Deshalb bilde die Photovoltaikanlage den Schwerpunkt der Eigenversorgung. Ein zusätzliche Biogasanlage, die mit Gülle, Mist sowie Mais betrieben werde, könne über einen Generator mehr als 600 000 Kilowattstunden Strom erzeugen. "Damit werden aus regenerativen Energien über 260 Prozent des Eigenbedarfs an Strom produziert." Der Überschuss werde ins Netz eingespeist. Ein Pluspunkt der Anlage sei zudem, dass das Staatsgut zu jedem Zeitpunkt Unabhängigkeit vom öffentlichen Stromnetz sei.

"Auch über die Speicherung von Energie haben wir uns Gedanken gemacht", so der Landwirtschaftsdirektor. Um die Spitzen bei der Stromerzeugung aus Photovoltaik abzufangen, verfüge der Betrieb über Blei-Akkus mit 31 Kilowattstunden und 5 Kilowattstunden-Lithium-Ionen-Batterien. Insgesamt sei ein Speichervermögen von 90 Kilowattstunden vorhanden.

Für die Zukunft hat das Staatsgut Almesbach nach Aussage von Konrad noch einiges vor. So soll die Photovoltaik-Anlage mit einem Lastmanagementsystem optimiert werden. "Damit können Maschinen und Anlagen je nach Stromproduktivität hinzu- oder weggeschaltet werden."

Wichtig für Helmut Konrad ist auch der Einsatz von Elektrofahrzeugen im Betrieb. "Mit selbsterzeugtem Strom können diese Fahrzeuge aufgeladen werden." Dabei sprach er vom Einsatz von Elektro-Mischwagen bei der Fütterung, eines Elektro-Hofladers und von Elektro-Autos.

Viele Ressourcen

"Dem Hofbesitzer stehen zur Energiewende zahlreiche regenerative Ressourcen zur Verfügung", stellte er abschließend fest. Damit leisten die Landwirte auch einen Beitrag zur Energiewende. "Ein weiterer wesentlicher Punkt ist es, dass die vom Landwirt erzeugte Energie ins Netz eingespeist werden kann und sein Einkommen damit sichern kann", so Konrad.

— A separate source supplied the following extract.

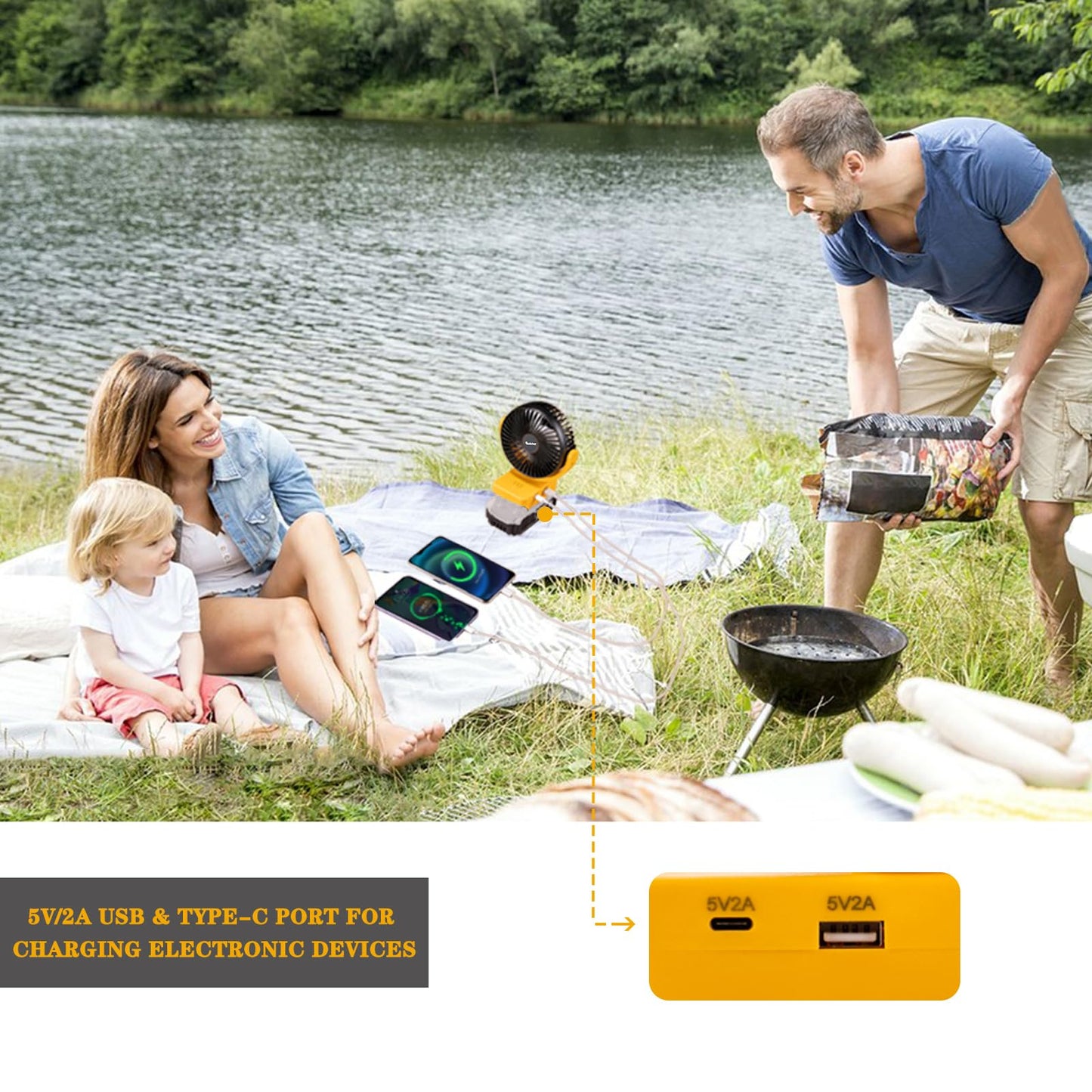 Rozlchar Portable Cordless Fan Compatible For Dewalt 18V 20V Battery, Work For Dcb182 Dcb183 Dcb204 Dcb206, Jobsite Fan W/Usb A/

Den anwesenden Teilnehmern gab der Landwirtschaftsdirektor den Rat mit auf den Weg, ihre Höfe einem Energiecheck zu unterziehen. Er wies auch auf zahlreiche Förderungen von Maßnahmen zur Steigerung der Energieeffizient hin. "Wichtig ist es, ein individuelles energetisches Gesamtbetriebskonzept zu erarbeiten", stellte Landwirtschaftsdirektor Konrad fest. "Denn eine Energiewende kann es nur im ländlichen Raum geben, weil entsprechende Flächen vorhanden sind."